[Short text fragments from websites]
____________________

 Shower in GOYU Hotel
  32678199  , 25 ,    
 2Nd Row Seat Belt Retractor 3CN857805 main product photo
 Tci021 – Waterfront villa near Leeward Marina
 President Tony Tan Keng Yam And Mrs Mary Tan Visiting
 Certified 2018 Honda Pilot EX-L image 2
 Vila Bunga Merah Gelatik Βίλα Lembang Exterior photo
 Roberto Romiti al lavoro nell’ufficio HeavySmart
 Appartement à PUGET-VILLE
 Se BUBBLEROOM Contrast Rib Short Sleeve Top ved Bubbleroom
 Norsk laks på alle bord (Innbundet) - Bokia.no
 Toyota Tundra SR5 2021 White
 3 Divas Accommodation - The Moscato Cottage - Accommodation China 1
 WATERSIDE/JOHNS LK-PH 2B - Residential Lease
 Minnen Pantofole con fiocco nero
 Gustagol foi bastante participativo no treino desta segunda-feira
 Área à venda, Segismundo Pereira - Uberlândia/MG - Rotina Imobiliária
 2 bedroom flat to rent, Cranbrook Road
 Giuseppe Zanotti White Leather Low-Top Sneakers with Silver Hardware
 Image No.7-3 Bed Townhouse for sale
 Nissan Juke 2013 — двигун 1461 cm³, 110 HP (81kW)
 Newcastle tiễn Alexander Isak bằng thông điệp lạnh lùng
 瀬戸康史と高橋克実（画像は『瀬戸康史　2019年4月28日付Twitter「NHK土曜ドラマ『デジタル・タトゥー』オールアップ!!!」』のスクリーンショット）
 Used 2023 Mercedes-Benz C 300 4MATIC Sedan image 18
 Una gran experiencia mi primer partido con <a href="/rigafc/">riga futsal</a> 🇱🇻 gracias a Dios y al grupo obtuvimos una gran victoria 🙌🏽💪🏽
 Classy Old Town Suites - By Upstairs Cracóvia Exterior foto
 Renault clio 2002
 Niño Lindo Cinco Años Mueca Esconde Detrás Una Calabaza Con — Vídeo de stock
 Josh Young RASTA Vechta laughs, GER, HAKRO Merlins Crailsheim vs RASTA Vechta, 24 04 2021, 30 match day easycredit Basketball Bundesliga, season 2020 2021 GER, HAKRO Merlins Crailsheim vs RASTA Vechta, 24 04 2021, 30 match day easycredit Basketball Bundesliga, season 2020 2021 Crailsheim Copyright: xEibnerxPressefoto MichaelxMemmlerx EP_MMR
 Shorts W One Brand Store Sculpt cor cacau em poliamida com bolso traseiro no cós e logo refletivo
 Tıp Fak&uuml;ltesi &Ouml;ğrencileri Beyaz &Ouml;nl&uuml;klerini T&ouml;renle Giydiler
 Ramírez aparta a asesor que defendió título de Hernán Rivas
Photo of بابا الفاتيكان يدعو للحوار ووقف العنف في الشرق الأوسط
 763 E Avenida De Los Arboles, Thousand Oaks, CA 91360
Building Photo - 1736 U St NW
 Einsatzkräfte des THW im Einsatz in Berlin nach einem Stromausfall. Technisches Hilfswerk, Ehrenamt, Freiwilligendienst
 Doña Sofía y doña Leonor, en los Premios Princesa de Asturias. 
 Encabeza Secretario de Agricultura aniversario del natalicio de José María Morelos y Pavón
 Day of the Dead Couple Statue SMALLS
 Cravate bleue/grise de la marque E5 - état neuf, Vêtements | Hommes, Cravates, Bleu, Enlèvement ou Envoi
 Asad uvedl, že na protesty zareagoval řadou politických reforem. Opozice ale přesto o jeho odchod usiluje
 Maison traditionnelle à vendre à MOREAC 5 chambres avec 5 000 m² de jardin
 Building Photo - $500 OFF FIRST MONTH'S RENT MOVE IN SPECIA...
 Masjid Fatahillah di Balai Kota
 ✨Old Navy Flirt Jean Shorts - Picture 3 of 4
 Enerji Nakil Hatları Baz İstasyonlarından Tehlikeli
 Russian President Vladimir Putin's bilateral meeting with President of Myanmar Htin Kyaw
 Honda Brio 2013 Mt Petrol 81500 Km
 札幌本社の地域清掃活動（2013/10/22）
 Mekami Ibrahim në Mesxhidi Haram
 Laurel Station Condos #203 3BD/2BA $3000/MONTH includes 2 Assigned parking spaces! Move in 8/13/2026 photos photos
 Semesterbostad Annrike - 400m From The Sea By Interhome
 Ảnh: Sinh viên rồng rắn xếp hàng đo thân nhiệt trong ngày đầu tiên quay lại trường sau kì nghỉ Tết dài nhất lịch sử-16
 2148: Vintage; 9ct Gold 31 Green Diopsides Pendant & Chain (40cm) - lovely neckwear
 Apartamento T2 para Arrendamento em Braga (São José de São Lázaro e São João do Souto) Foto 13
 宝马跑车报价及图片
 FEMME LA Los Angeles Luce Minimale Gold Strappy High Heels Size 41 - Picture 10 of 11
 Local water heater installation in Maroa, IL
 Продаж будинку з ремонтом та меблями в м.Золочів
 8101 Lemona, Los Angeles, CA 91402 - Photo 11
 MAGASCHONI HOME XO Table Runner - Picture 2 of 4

____________________

• _TRY IT_
Return every line holding the word "Building" from the records.

• _WRITTEN SOLUTION_
Building Photo - 1736 U St NW
 Building Photo - $500 OFF FIRST MONTH'S RENT MOVE IN SPECIA...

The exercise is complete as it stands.